This week we had to fix a bug in one of the Ruby on Rails apps we’re maintaining. We inherited the application from another team and our objectives included a Ruby on Rails upgrade, an infrastructure migration (from a VPS to Heroku), and new features. Now that these main objectives have been accomplished, we switched focus to taking care of performance issues.
The issue that we’re going to look at in this post is fairly common.
This application has several lists. You can filter those lists and export the results as an Excel file. The implementation had several issues:
- The exports were built directly in the controller, which results in high response time and affects the throughput of the app.
- As usually happens with 10-year-old applications, the volume of data grew huge over the years, resulting in a timeout in most of the cases (except when the filtered list was very small).
- The memory usage ramped out pretty quickly.
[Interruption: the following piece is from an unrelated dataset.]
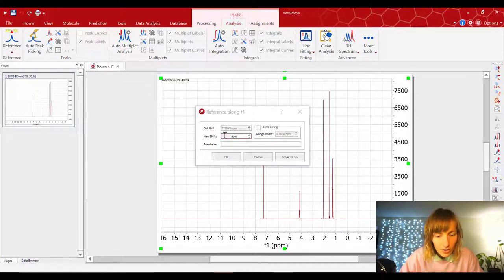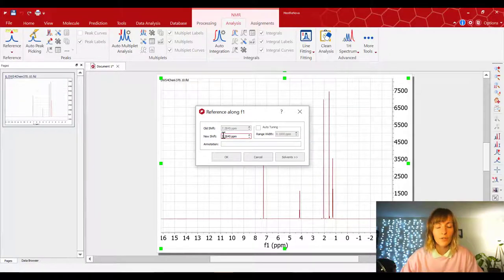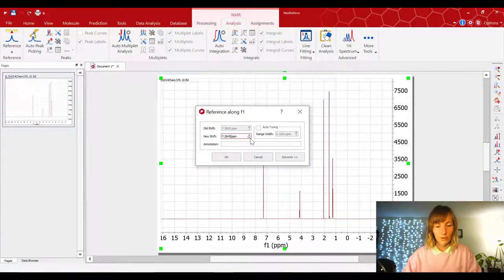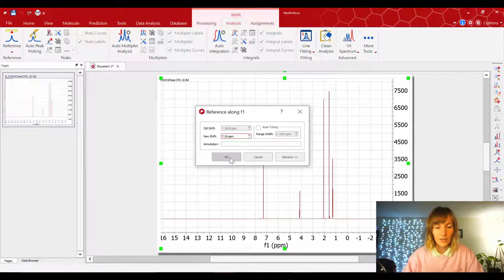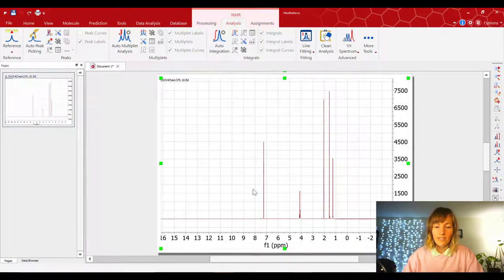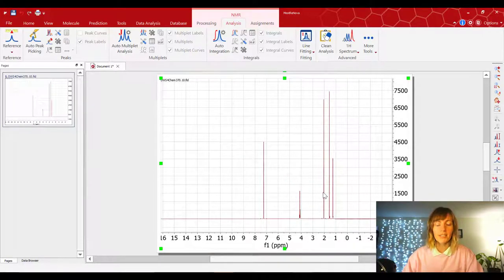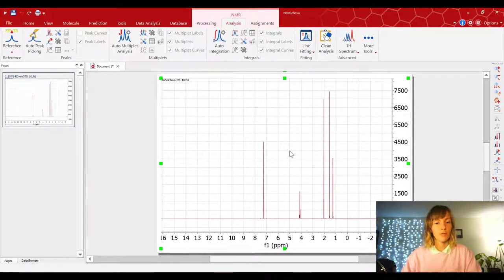And now you're gonna come over here to the new shift box, and you're gonna type in 7.26. So delete the old number, and type in 7.26. Press OK. And now our spectrum is going to be nicely calibrated to whatever it's supposed to be.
This is a classic, when building new applications is frequent for inexperienced devs to forget to think about how the current implementation will work with ten times or a hundred times more data. This simple implementation must have probably worked just fine for a couple of years. But, if they had a well-configured application monitoring in place, and was taken into account in the development process, this could have been avoided long ago.
The refactor
Initially, once you filtered a list and hit the export button, the main thread would block until the xls file was ready and sent to the client. Fixing this is trivial: instead of processing the export inline, a background job would be enqueued and the user would be notified that the export would be sent to their email soon. The background job would process the data, build the xls file and send it via email to the user that generated the report.
Before the refactor, the export action looked something like this:
def export
authorize Product, :export?
@products = ProductFilter.new(filter_params, current_user).call
respond_to do |format|
format.xlsx { render xlsx: "export", filename: "products.xlsx" }
end
end
And the view (app/views/products/export.xlsx.axlsx
) looked something like this:
wb = xlsx_package.workbook
wb.add_worksheet(name: "Products") do |sheet|
sheet.add_row ["Date: #{Date.today.strftime("%d/%m/%Y")}"]
sheet.add_row ["Code", "Provider", "Mode", "Percentage", "Kind", "Color", "Brand", "Created at", "Sold at", "Status", "Gender", "Price"]
@products.each do |p|
sheet.add_row [
p.code,
p.provider.name,
t(p.mode, scope: :modes),
p.percentage_category.to_s,
p.kind_name,
p.color_name,
p.brand.name,
p.created_at.strftime("%d/%m/%Y"),
p.sold_at.try(:strftime, "%d/%m/%Y"),
t(p.state),
p.gender,
p.price
]
end
end
Note these snippets are redacted for simplicity.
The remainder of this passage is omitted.